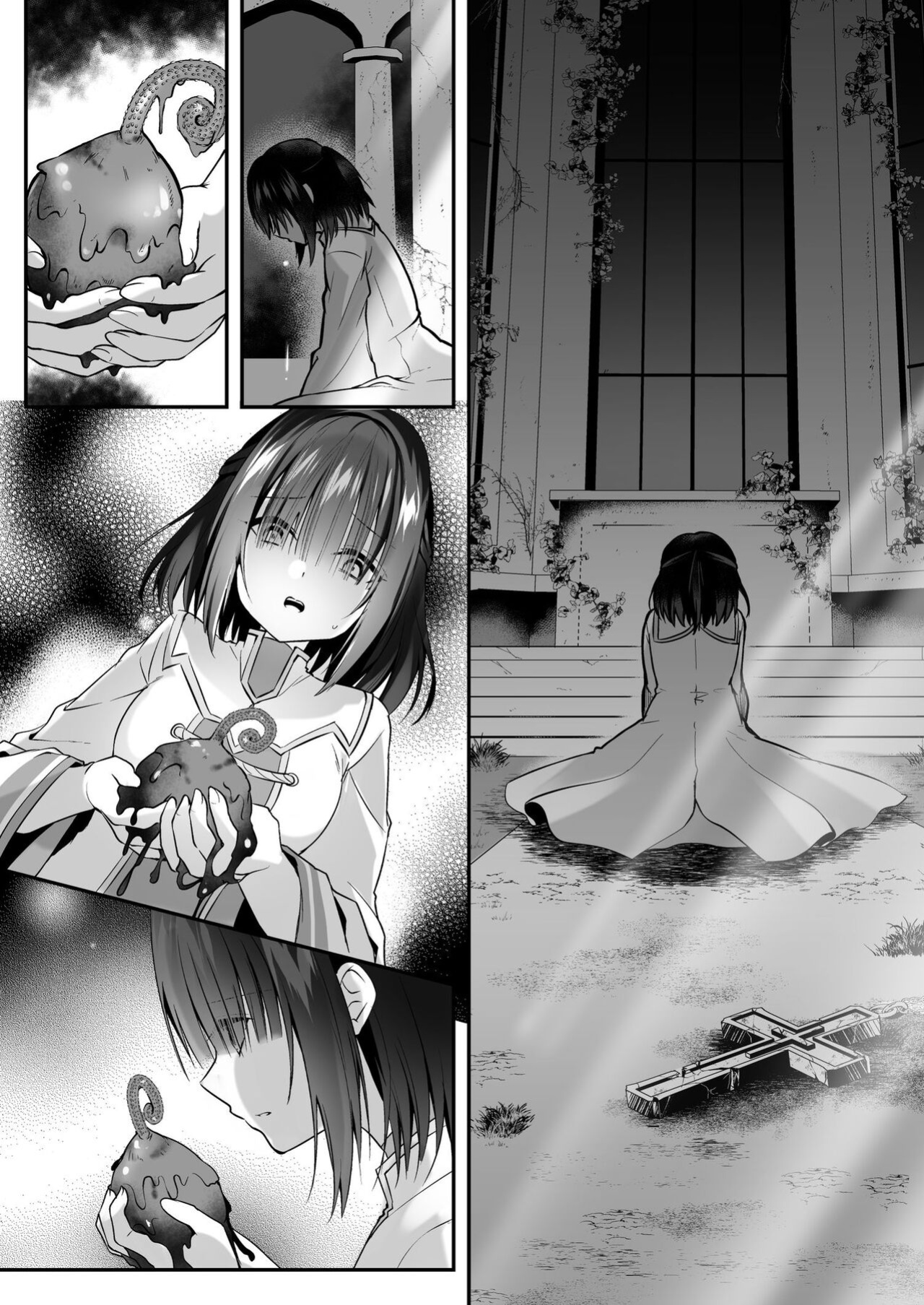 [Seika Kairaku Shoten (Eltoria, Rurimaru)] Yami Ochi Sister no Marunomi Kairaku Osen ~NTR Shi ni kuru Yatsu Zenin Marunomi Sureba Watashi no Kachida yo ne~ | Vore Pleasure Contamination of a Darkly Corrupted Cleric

---

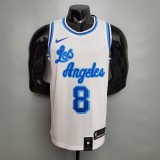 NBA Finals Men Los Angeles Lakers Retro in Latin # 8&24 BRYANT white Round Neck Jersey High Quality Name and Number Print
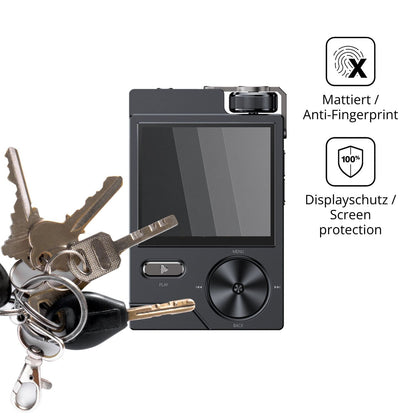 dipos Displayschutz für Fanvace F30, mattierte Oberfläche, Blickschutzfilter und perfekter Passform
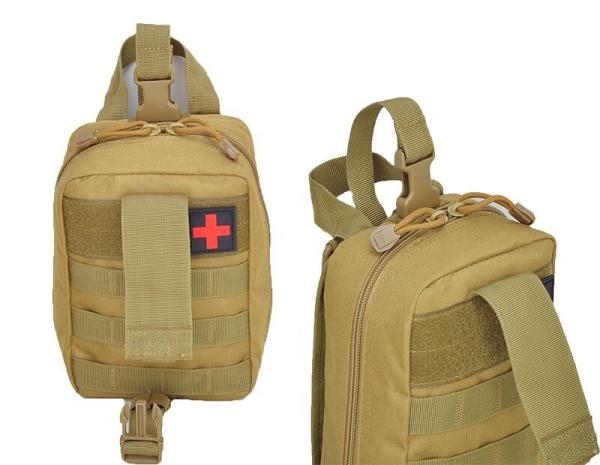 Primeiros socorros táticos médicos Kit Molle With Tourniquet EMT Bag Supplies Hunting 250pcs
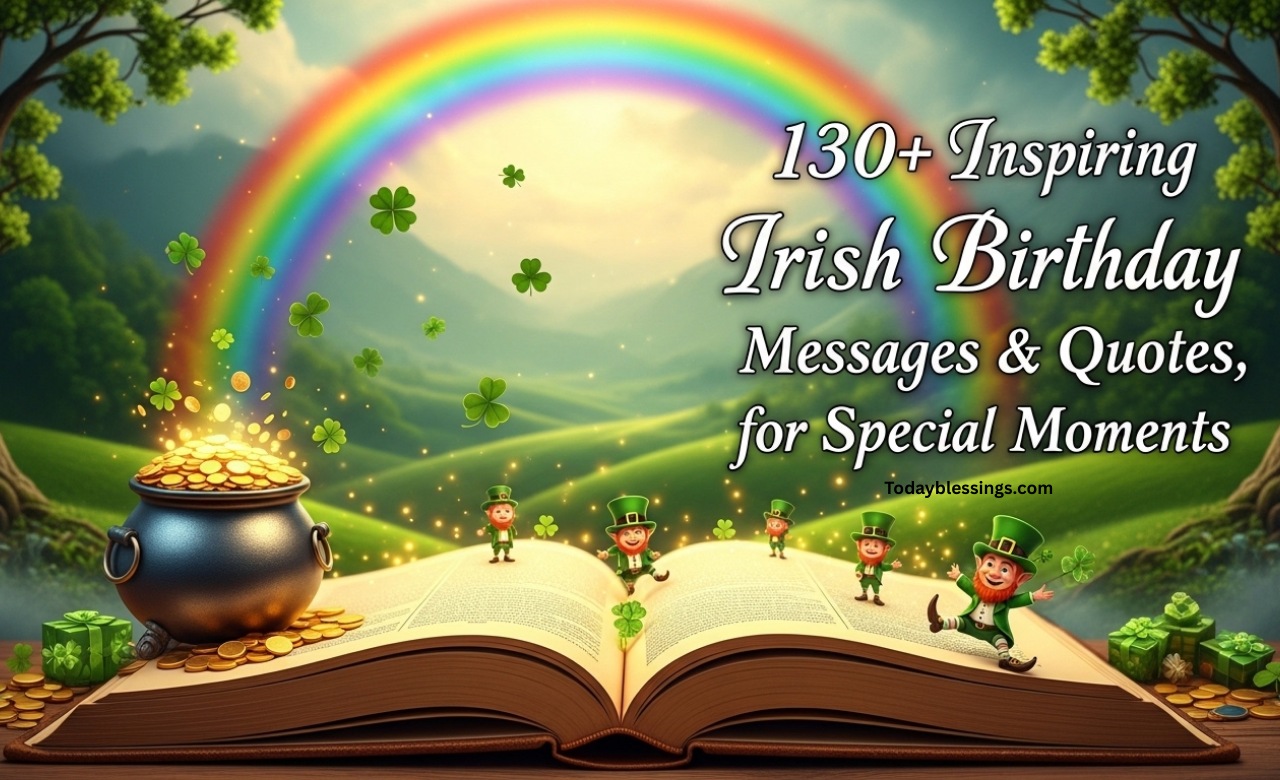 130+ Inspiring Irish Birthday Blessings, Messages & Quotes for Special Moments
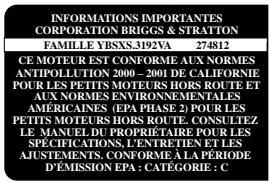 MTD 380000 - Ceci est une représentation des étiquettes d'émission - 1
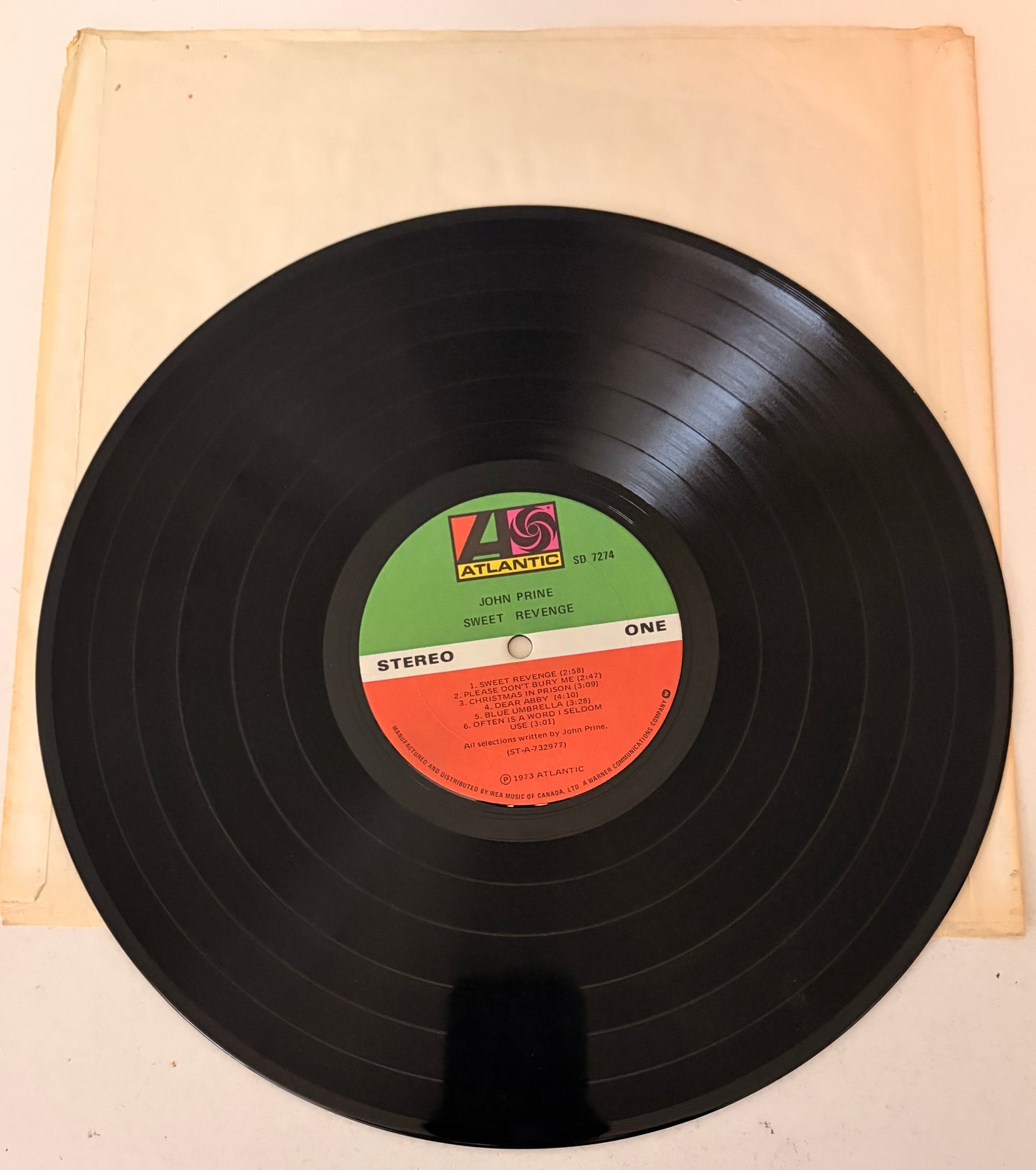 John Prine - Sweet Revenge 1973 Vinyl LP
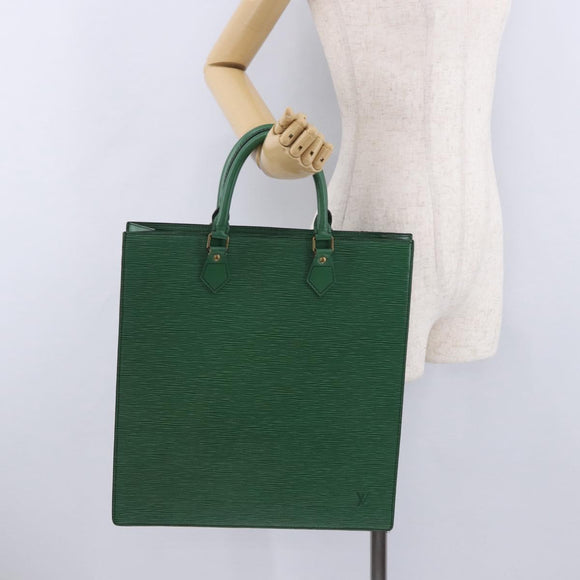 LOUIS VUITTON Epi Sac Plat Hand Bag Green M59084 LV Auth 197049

§ **What is being asked**: What is wanted is an exact copy of the lines above from the one containing "MTD 380000 - Ceci" through the one containing "LOUIS VUITTON Epi", with no pictures in it.

§ **Reply**:
 MTD 380000 - Ceci est une représentation des étiquettes d'émission - 1
 John Prine - Sweet Revenge 1973 Vinyl LP
 LOUIS VUITTON Epi Sac Plat Hand Bag Green M59084 LV Auth 197049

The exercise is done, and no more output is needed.